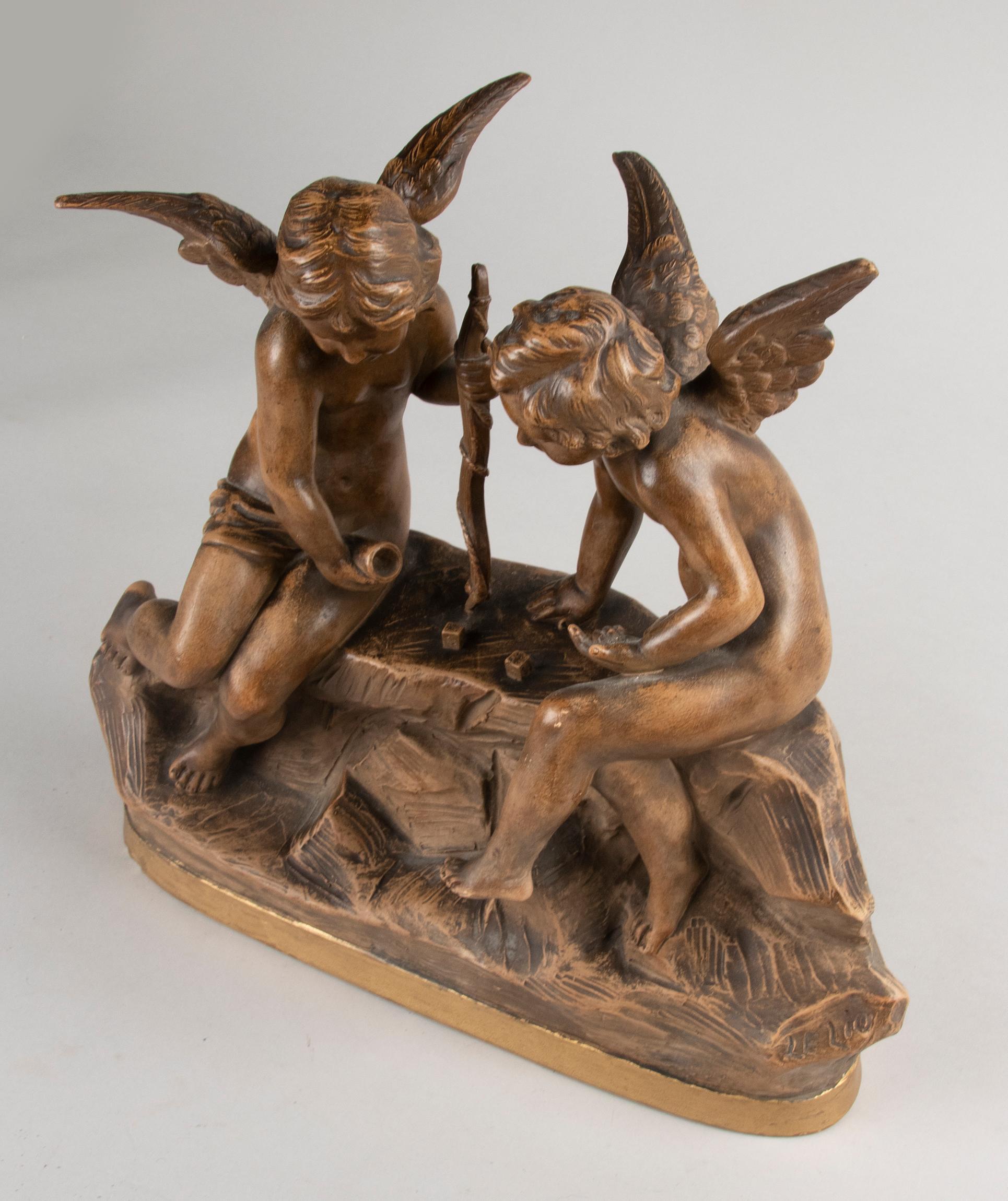 19th Century Terracotta Statue by LE LIO Putti Playing Dice 2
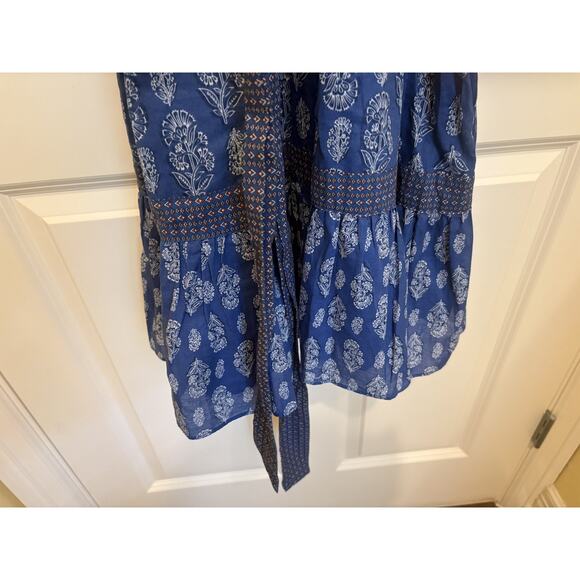 A Loves A Blue Boho Floral Dress Large Puff Sleeve Tiered Square Neckline - Picture 5 of 7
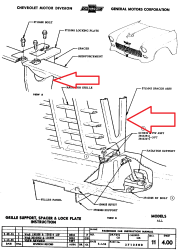 1955 Chevy Vertical Hood Latch Grille Support - Image 2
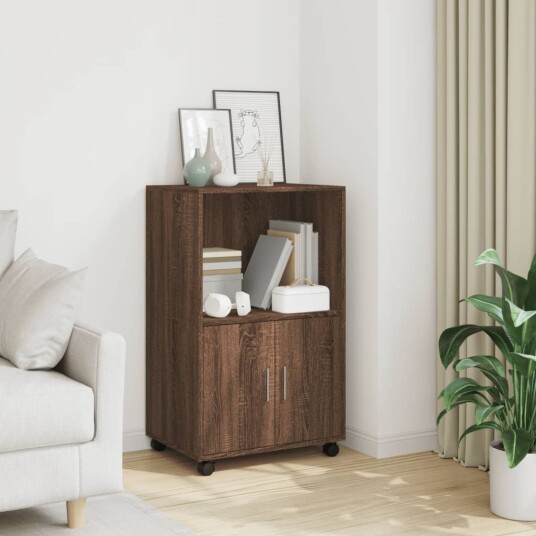  Rulleskap brun eik 55x40x91 cm konstruert tre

_WHAT THIS TASK INVOLVES_. Output everything in the material exactly. Pictures stay out of it.

_RESULT OF THIS EXERCISE_.
 19th Century Terracotta Statue by LE LIO Putti Playing Dice 2
 A Loves A Blue Boho Floral Dress Large Puff Sleeve Tiered Square Neckline - Picture 5 of 7
 1955 Chevy Vertical Hood Latch Grille Support - Image 2
  Rulleskap brun eik 55x40x91 cm konstruert tre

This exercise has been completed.